After three weeks of being deployed to Louisiana in support of relief efforts in the aftermath of Hurricane Katrina, the 229th Military Police Company and the 192nd Security Forces Squadron had just been informed they were heading back home to Virginia.
For several days, the Virginia Air and Army National Guardsmen were on standby, as local law enforcement and emergency response workers watched the path of yet another hurricane – Rita – which seemed to be forging a path which could directly affect Lake Charles, Louisiana, where the 229th MP Company and the 192nd Security Forces Squadron had been working, and large parts of Texas. Duffel bags and rucksacks had been packed, equipment was secured, and vehicles were inspected and prepared for the long trip back to Virginia.

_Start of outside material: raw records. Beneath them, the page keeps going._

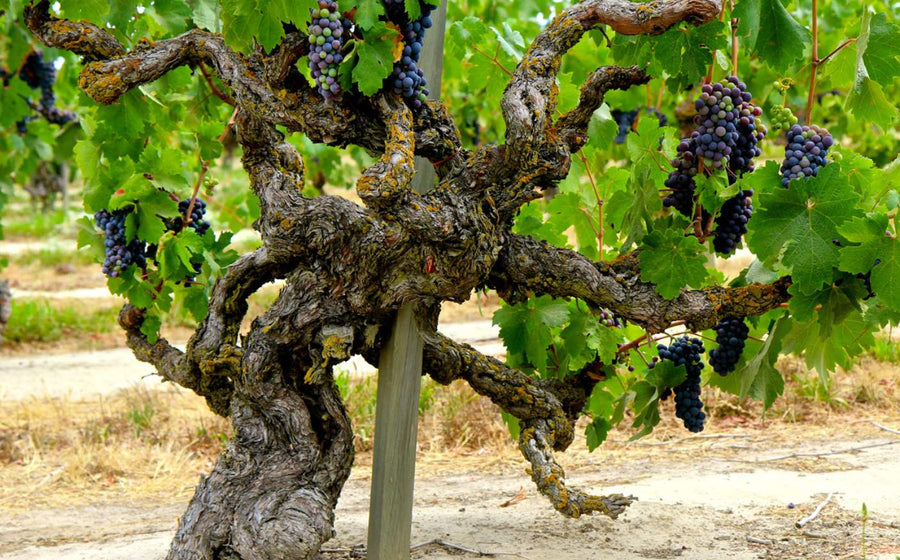 What We Read This Week (04/27/25)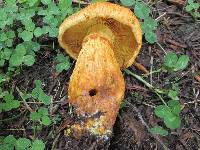 Gymnopilus junonius image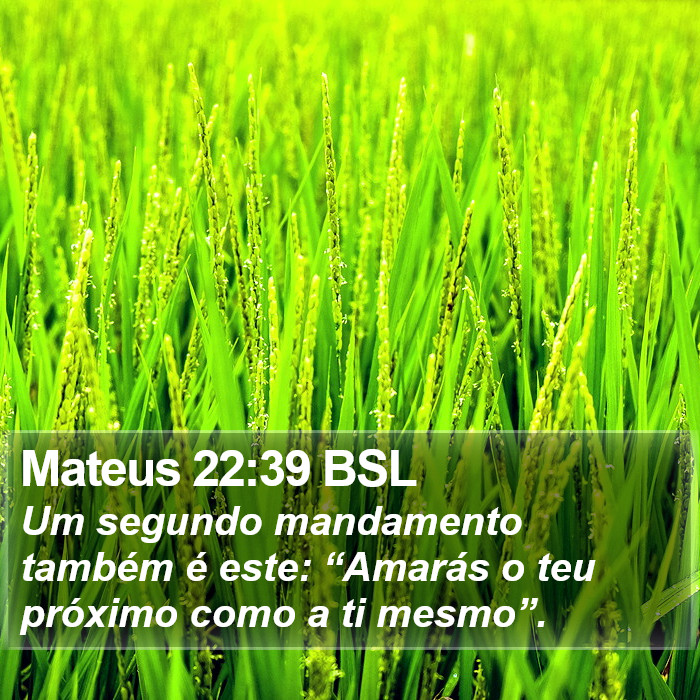 Mateus 22:39 BSL Bible Study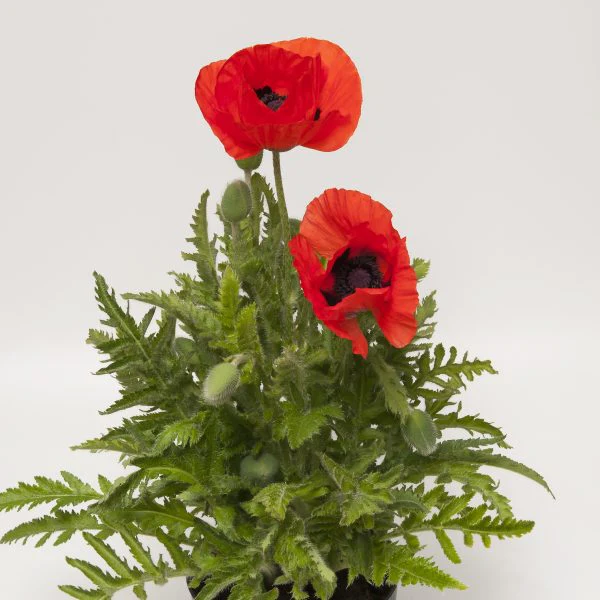 Papaver or. Allegro - Image 2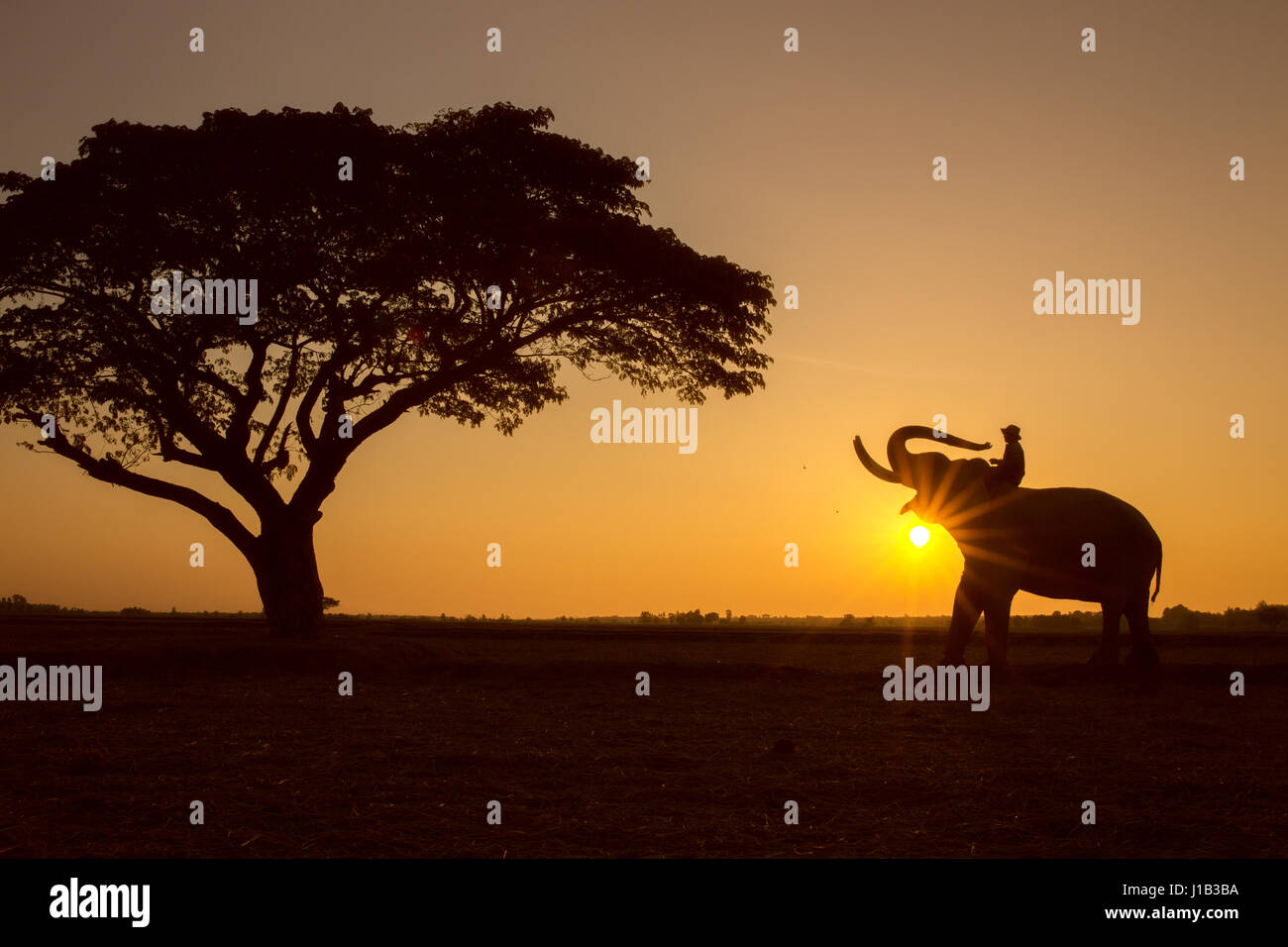 Silhouette tree animal elephant and mahout man Sunrise background at Thailand morning time. Stock Photo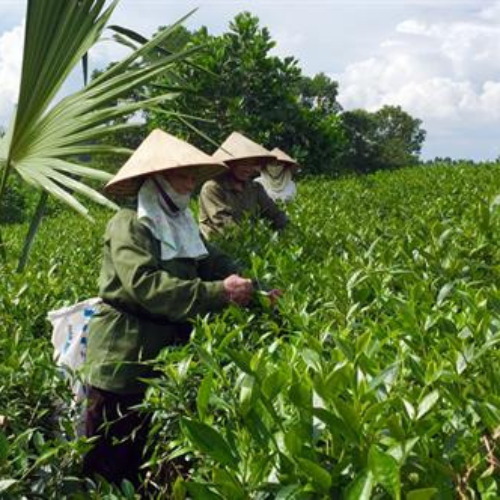 Làng nghề truyền thống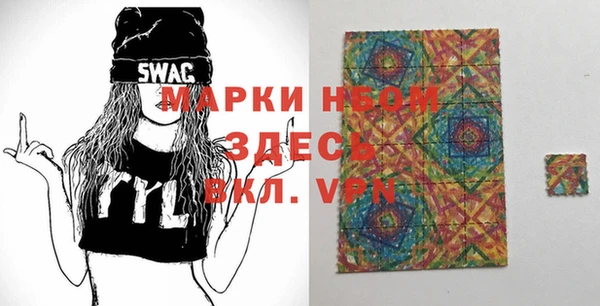индика Елизово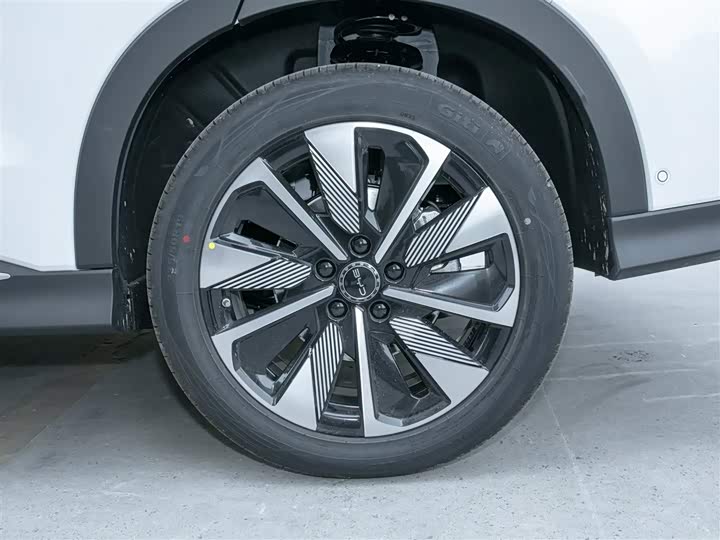 Фото 11 - BYD Song Plus Hybrid/EV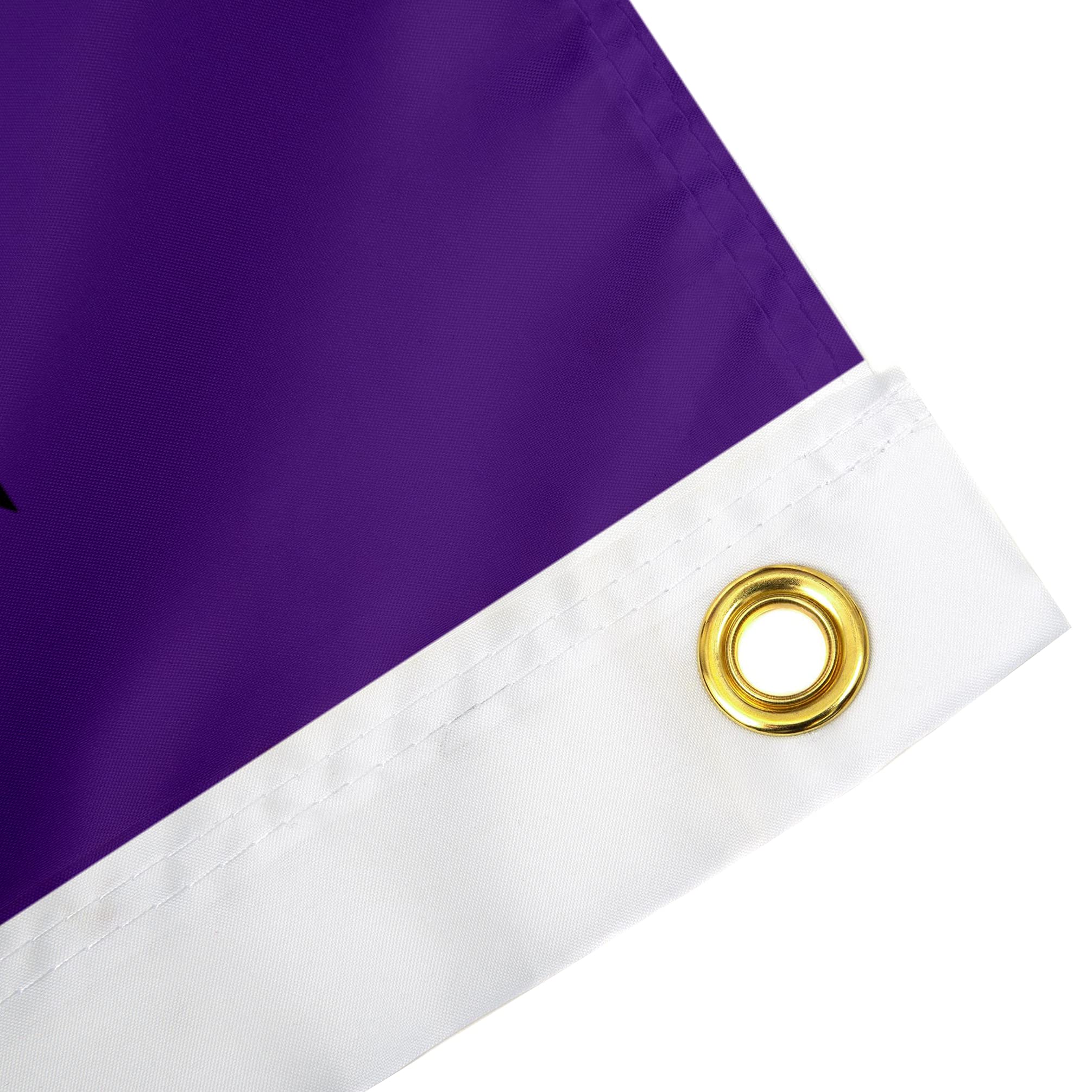 Desert Cactus ECU East Carolina University Flag – 3x5 Feet Polyester Pirates Flag (Indoor/Outdoor)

But no one seemed to know when, exactly, the Virginia Guardsmen were heading home, until the evening of Sept. 21, when Plude announced the convoy would be leaving for Virginia early the next morning.
And despite the general good feeling about having helped the victims of Hurricane Katrina and having performed a service for the citizens of Louisiana, the Soldiers were glad to be finally heading home to their families and friends.
Pvt. Matthew Kasharian, a military police officer from Colonial Heights, Va., feels the unit did something worthwhile during the mission in Lake Charles. “While we were down here, we managed to get a child away from an abusive mother,” he said. “I’m really happy we were able to do that.” But like most Soldiers and Airmen who have been deployed here for the past several weeks, Kasharian is ready to go home.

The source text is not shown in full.